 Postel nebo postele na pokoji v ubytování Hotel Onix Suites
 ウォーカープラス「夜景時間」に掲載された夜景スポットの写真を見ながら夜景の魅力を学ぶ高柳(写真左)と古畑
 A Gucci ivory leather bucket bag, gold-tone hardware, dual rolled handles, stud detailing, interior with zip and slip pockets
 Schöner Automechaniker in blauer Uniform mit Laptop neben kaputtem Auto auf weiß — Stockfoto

...

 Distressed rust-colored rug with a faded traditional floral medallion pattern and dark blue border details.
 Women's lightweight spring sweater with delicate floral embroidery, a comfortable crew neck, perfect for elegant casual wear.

...

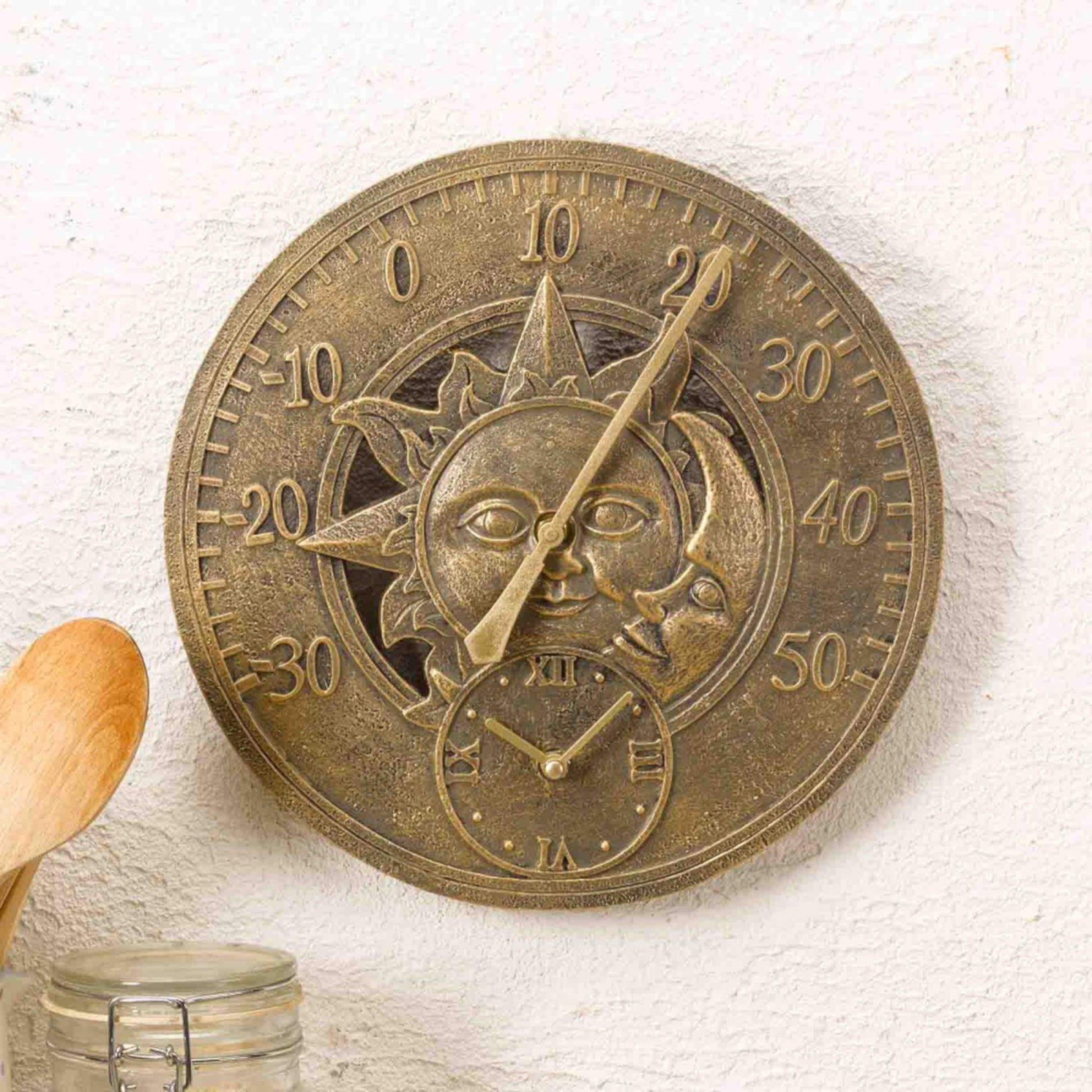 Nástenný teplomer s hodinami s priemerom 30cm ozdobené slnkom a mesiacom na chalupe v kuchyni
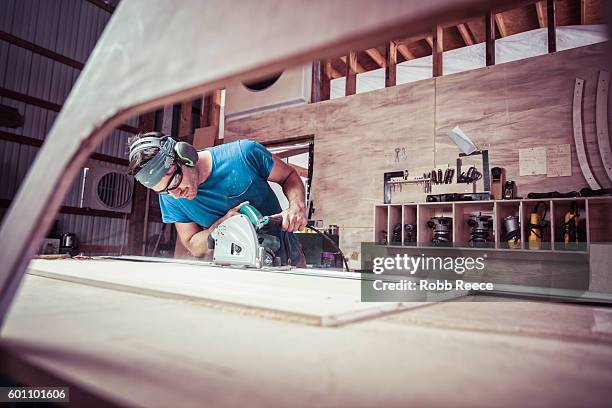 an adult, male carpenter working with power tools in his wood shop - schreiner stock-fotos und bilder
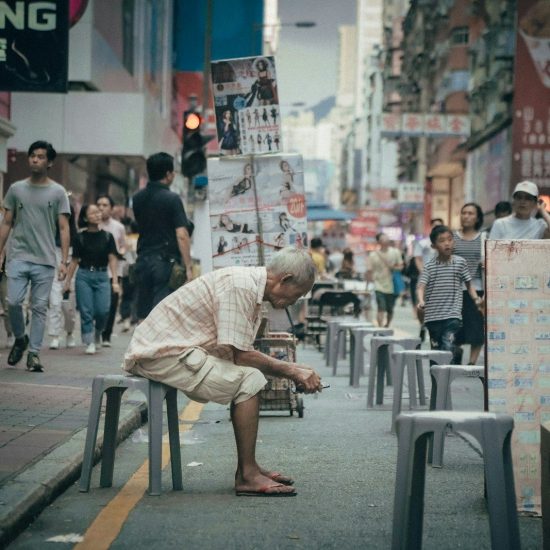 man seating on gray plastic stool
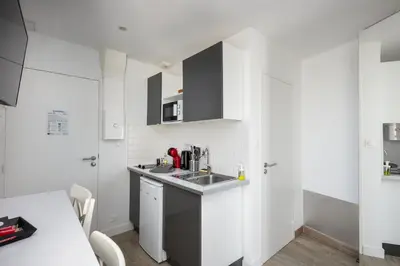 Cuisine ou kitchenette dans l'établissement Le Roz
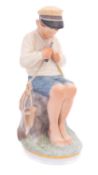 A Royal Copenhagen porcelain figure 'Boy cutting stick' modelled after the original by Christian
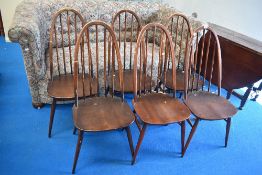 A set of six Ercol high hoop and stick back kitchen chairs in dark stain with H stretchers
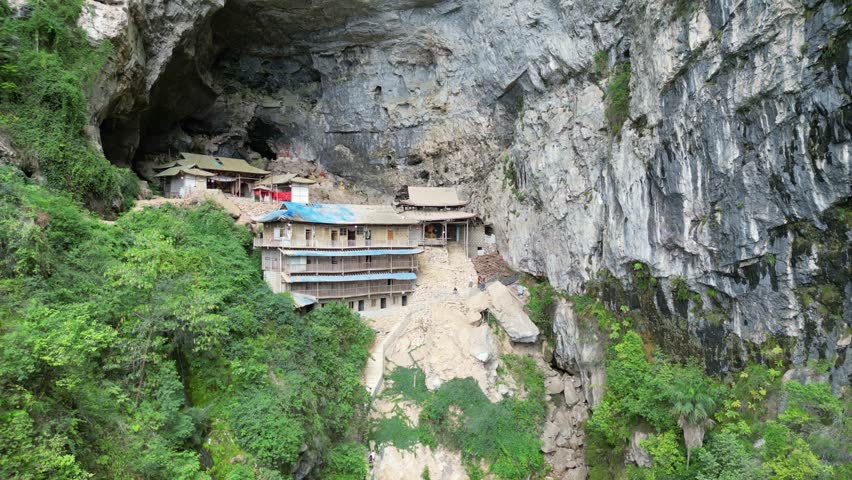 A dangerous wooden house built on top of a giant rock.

#### [WHAT THIS TASK INVOLVES]
Although the records above contain pictures, the copy should not; retype exactly the lines from the one containing "A set of six" through the one containing "A dangerous wooden".

#### [RESPONSE TO THE EXERCISE]
 A set of six Ercol high hoop and stick back kitchen chairs in dark stain with H stretchers
 A dangerous wooden house built on top of a giant rock.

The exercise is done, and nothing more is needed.